## Try it
Look in the listing below for the line that has "More of the", then return it and each following line up to and including the one with "A balcony with", exactly and without pictures.

## Supplied records
--- --- ---
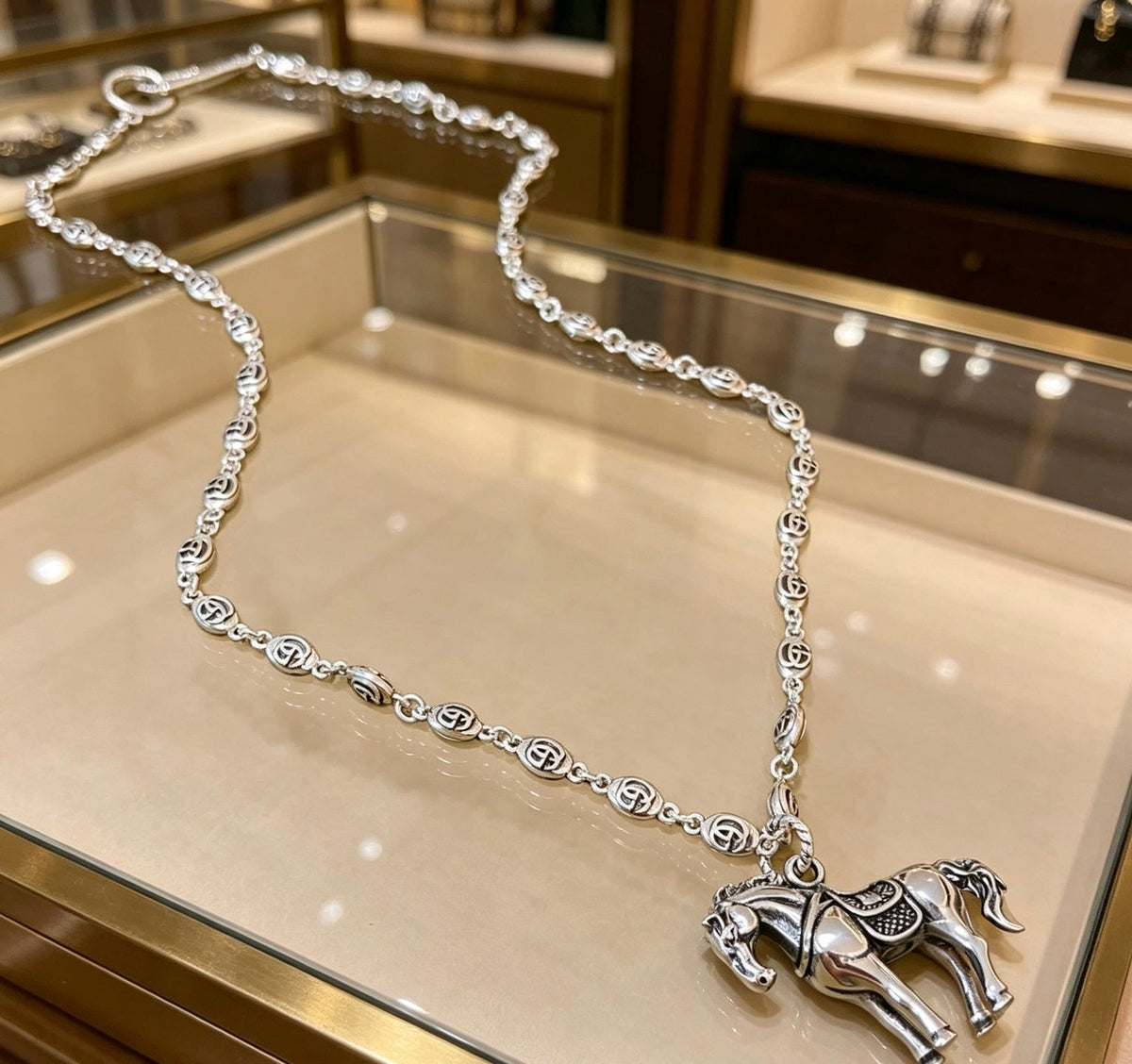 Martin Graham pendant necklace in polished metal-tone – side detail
--- --- ---
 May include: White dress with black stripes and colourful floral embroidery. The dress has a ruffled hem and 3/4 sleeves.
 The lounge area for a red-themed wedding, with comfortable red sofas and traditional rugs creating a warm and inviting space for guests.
--- --- ---
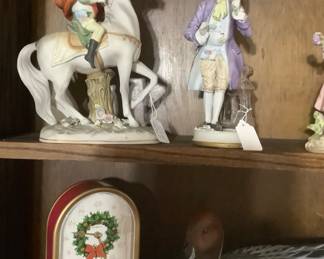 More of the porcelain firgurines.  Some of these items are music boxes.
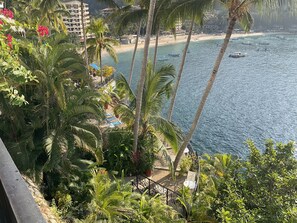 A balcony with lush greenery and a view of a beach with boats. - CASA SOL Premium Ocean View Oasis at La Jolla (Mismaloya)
--- --- ---
## Output for this task
 More of the porcelain firgurines.  Some of these items are music boxes.
 A balcony with lush greenery and a view of a beach with boats. - CASA SOL Premium Ocean View Oasis at La Jolla (Mismaloya)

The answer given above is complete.